As I’ve noted elsewhere, wining often symbolizes sexual ownership and alternately or concurrently, sexual agency — the question of whether wining itself, is inherently, primarily, sexual is another issue altogether. I think it can be whatever you want it to be. The exact same movement can constitute a polite wine you might deliver once then hustle off and extract yourself from it. It can mean nothing. Or it can mean something. The same movement can also be incredibly sensual when both parties want to take it there.
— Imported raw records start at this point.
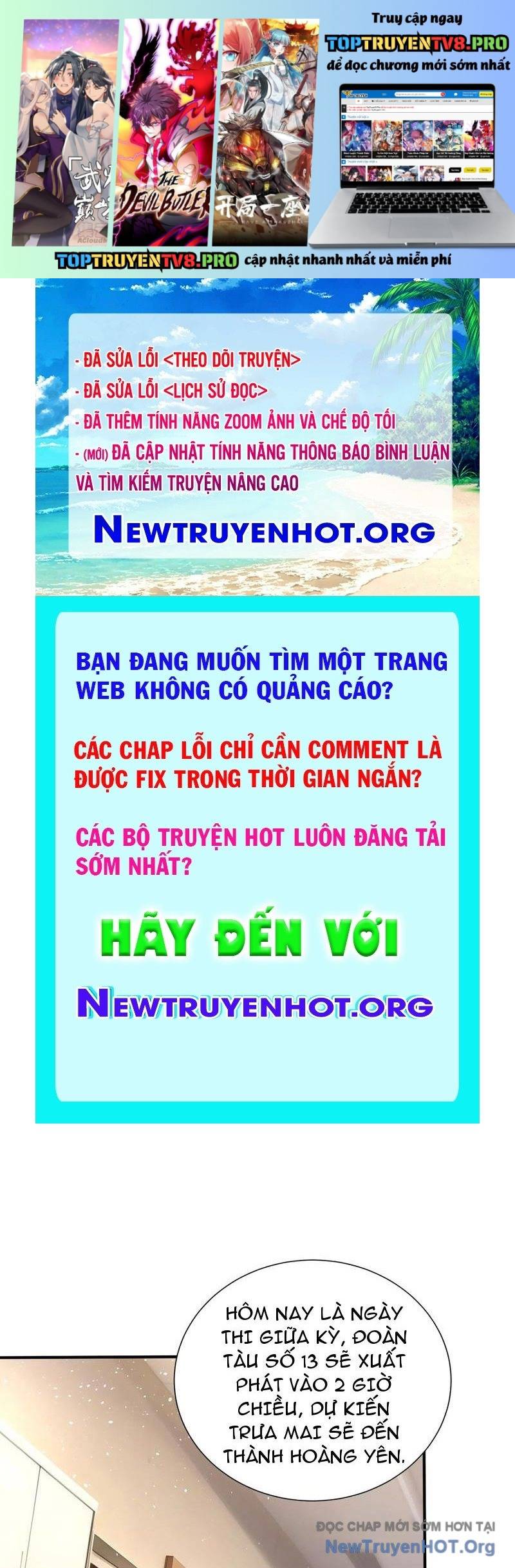 Đệ Nhất Ngự Thú Sư Chap 81 - Next Chap 82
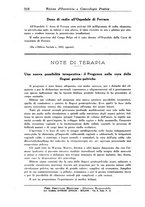 giornale/TO00194133/1932/unico/00000556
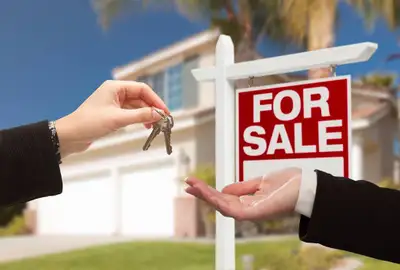 Road Map to REAL ESTATE EXAM writing, View more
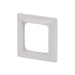 EAN 4011395191460 - Busch-Jaeger 2CKA001725A1555 Blanco imagen 2
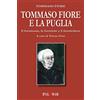 Nuova Palomar Tommaso Fiore e la Puglia. Il formicone, le formiche e il formichiere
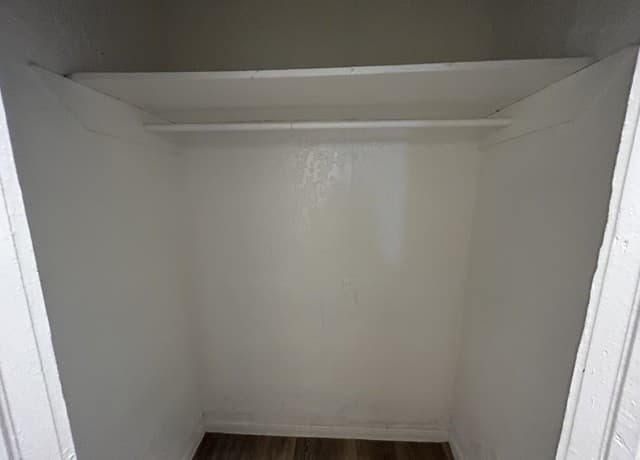 1625 Mccullough Ave Unit 7 — photo 4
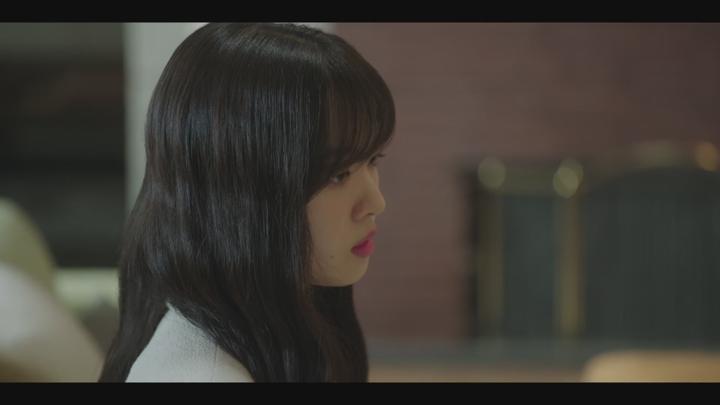 [tvN] 마에스트라.E03.1080p.x264.AAC 비디오 썸네일 이미지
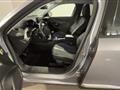 PEUGEOT 2008 (2013) PureTech Turbo 130 S&S Allure Pack #VARI COLORI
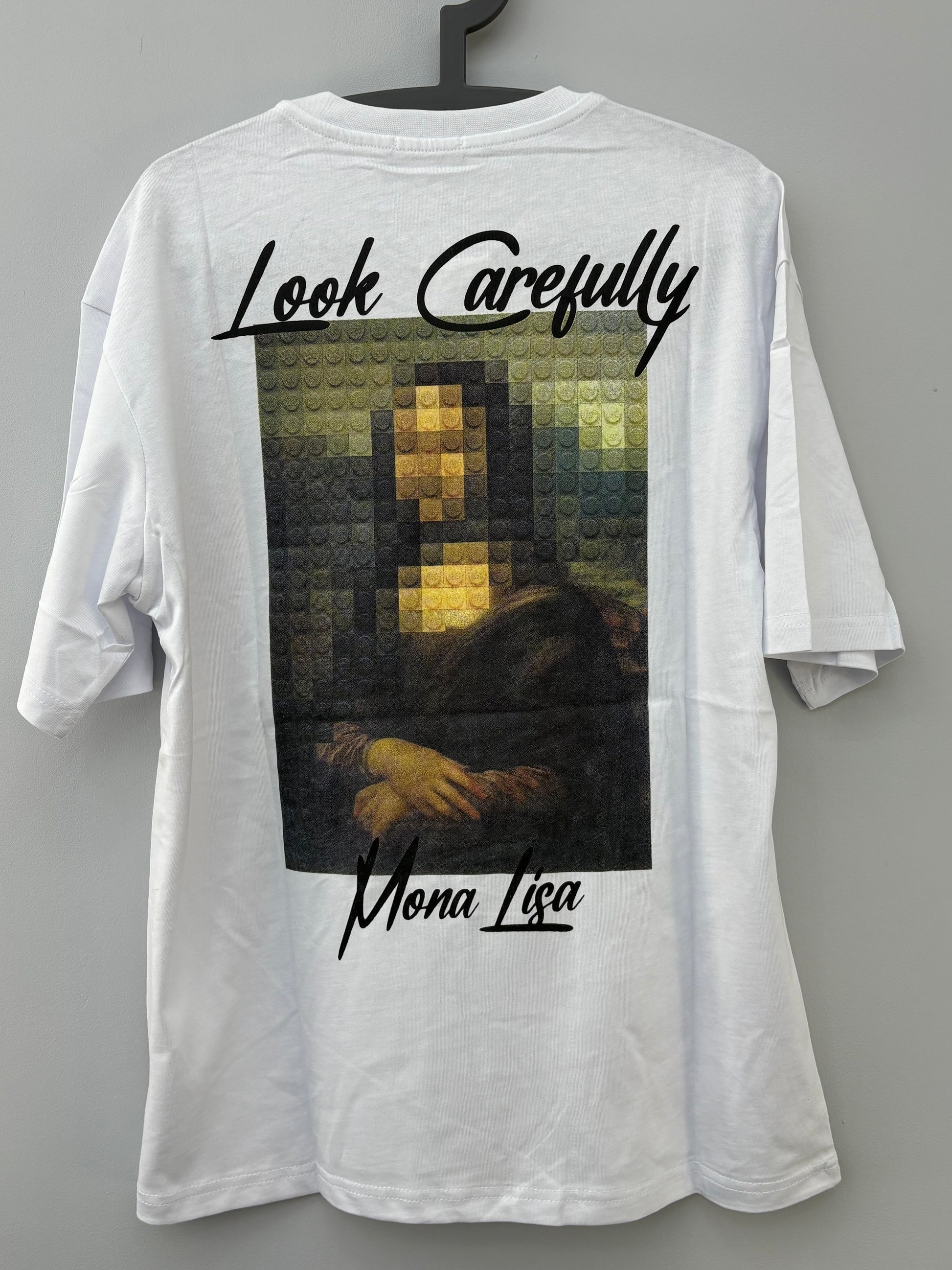 Mona T-shirt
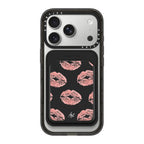 Ami's Kiss | Image 1
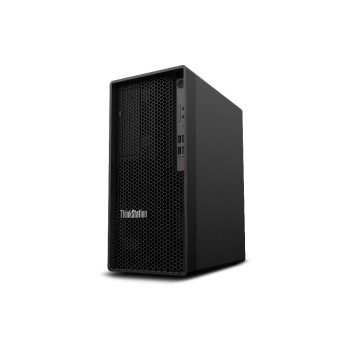 Lenovo TS P2, Intel i7-14700, 64GB, 512GB SSD, RTX 4060, W11-Pro Lenovo TS P2, Intel i7-14700, 64GB, 512GB SSD, RTX 4060, W11-Pro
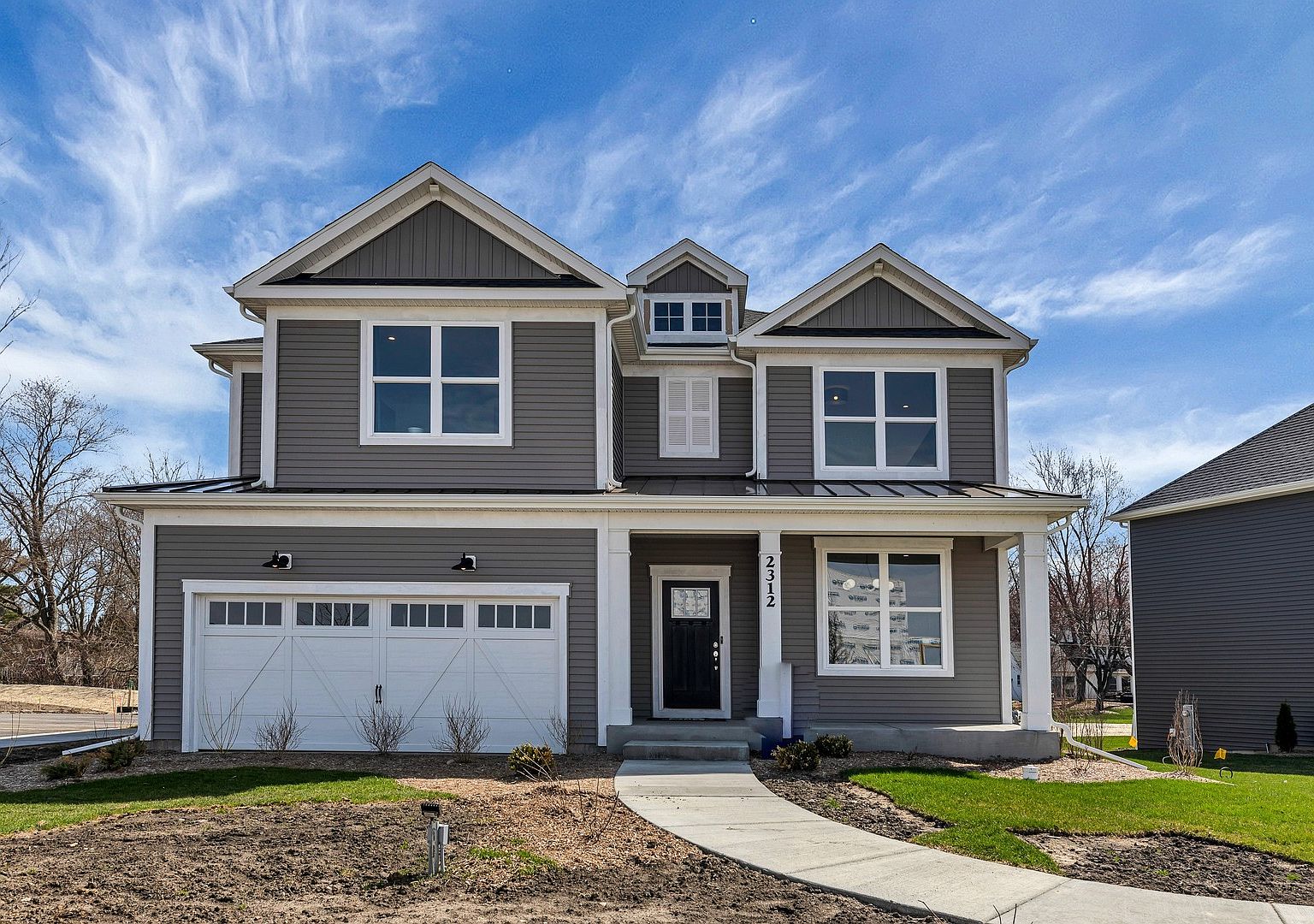 516 Ivory Ln, Bolingbrook, IL 60490 MLS 12191903 Zillow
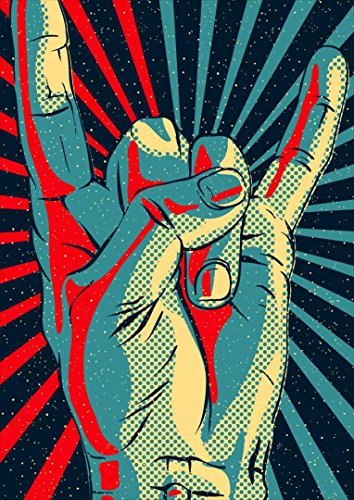 無料ダウンロードおしゃれ レトロ 手 イラスト アニメ画像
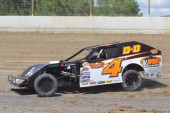 2016 MW 4 DARIN HAUFF 820.jpg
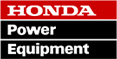 Buy new and used Honda Generators at Gables Motorsports of Wesley Chapel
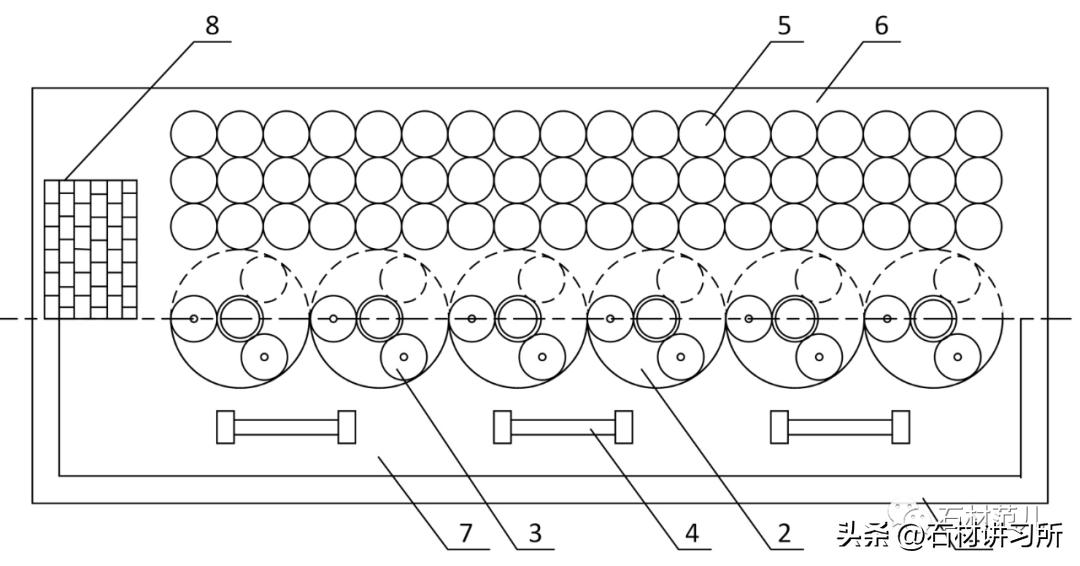 天然能量石的功效,能量磁石的功效与作用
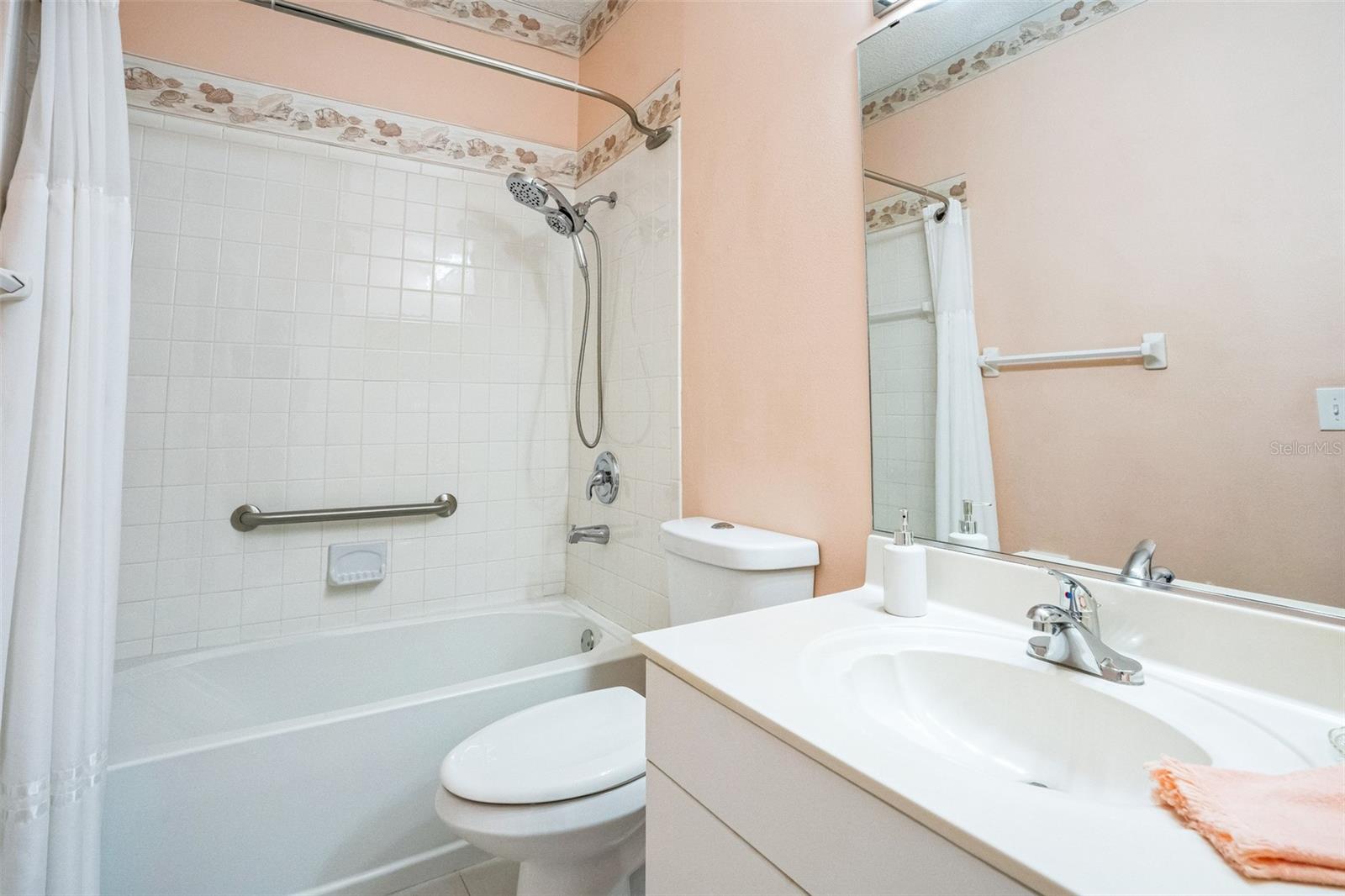 2224 MAYFIELD PALMS LN #321, SUN CITY CENTER, FL, 33573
Before Olatunji, there was Mighty Sparrow’s “sexy Marajhin“, Shurwayne’s “East Indian beauty” in “Don’t Stop“; Scrunter’s “Indian gyul beating bass pan coming up in Despers“; Preacher’s “Dulahin“; Moses Charles’ “Indrani“; Machel Montano (with Drupatee) in “Indian Gyul“; and of course, curry songs like Xtatik’s “Tayee Ayee” and Mighty Trini’s classics about “Indian obeah” or the curry and the woman who packed up and left him. I would also classify Second Imij’s enduring “Golo” as firmly within this trope too, where the golo, “this Indian beti living Caroni”, takes a firm hold of poor Uncle’s sensibilities under some questionable means. Or, we could just say that Uncle went quite tootoolbay over his Indian woman.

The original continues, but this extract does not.